Not Sleepy Now

Outgrown (Written April 8, 2019)

Here, it was, there were rolling fields,
And wide horizons open at every turn,
There was nothing to stop the glorious sun
When its dawning light would burn.

The sky was wide, an open embrace,
The air was clear, the wind blew free.
Houses were homes and people were neighbors-
What a welcome place this used to be!

Now the horizon is choked with cutout houses,
The wind’s song drowned out by the radio,
The people here are strangers now, too:
My hometown outgrown by this place I don’t know.


I was walking around my hometown today and realizing how much it is changing. When I was young this town was so small that it wasn’t even technically a town, but rather a state designated location. In the past decade, though, this little town has grown to ten times the size it was. When I was a kid it was a place where you could spread your wings, but now it just feels like you are always rubbing elbows.
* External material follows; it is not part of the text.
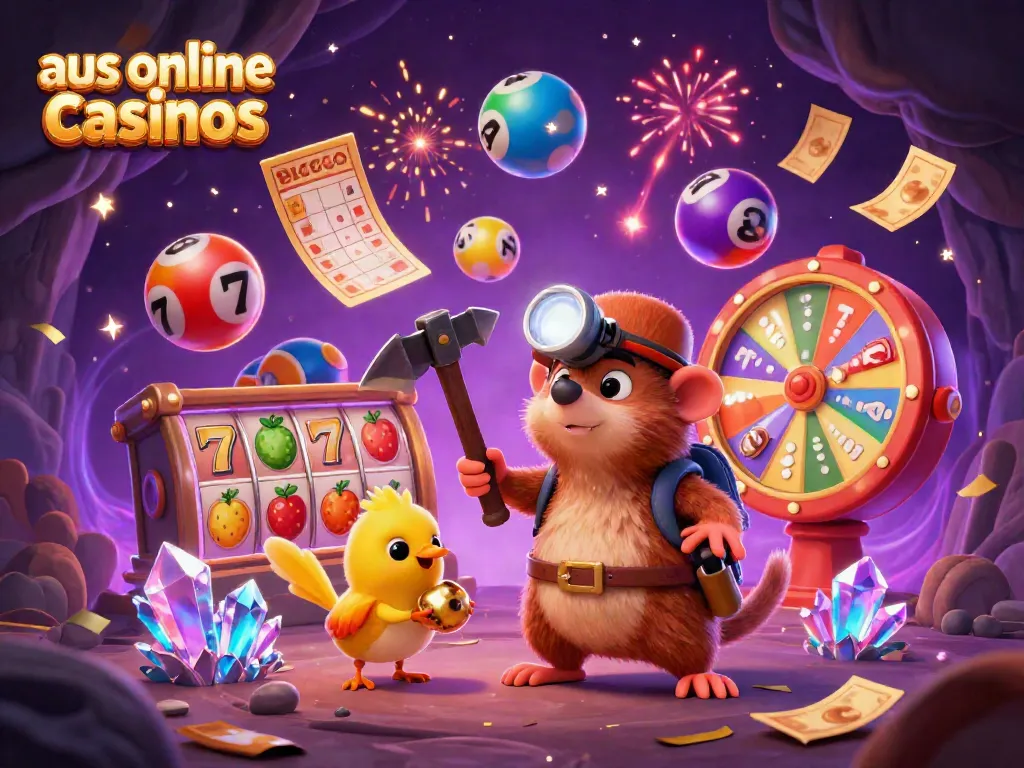 A dynamic 3D illustration of aus online casinos featuring a treasure hunter mole mining vibrant slot reels, surrounded by colorful lottery elements.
We used to walk across the fields to get from our house to the little town. I loved stopping in the middle of the field to sit on this one little mound of dirt and watch the sparse wild flowers sway in the breeze, way off into the horizon. During the winter we would stop as we crossed the field and lay down among the bird tracks so we could watch the chickadees flying in the falling snow. That field is now a housing development- cardboard cutout houses, ugly and repetitive, without any personality or charm. Suburbia, it seems, is seeping in. Wildflowers blowing in unfettered breezes, framed on the open horizon, have no hope in the face of growth of industry.
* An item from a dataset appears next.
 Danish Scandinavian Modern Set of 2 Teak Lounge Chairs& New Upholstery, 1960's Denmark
I probably shouldn’t be quite so bitter about it all, but I am. It’s hard to watch it all change. It wouldn’t be so bad if it weren’t so heartless. It isn’t an organic sort of growth going on here. It’s the sort of growth that comes from people wanting somewhere cheap to sleep that is near enough to the city that they can drive to work, but not so near that it is expensive to live there. I don’t want this caring, comforting, welcoming town to become a place that is overrun by people who don’t care at all where they live or who they live with, so long as it is convenient. I don’t want to see this place overcome with mere houses, where there have always been homes.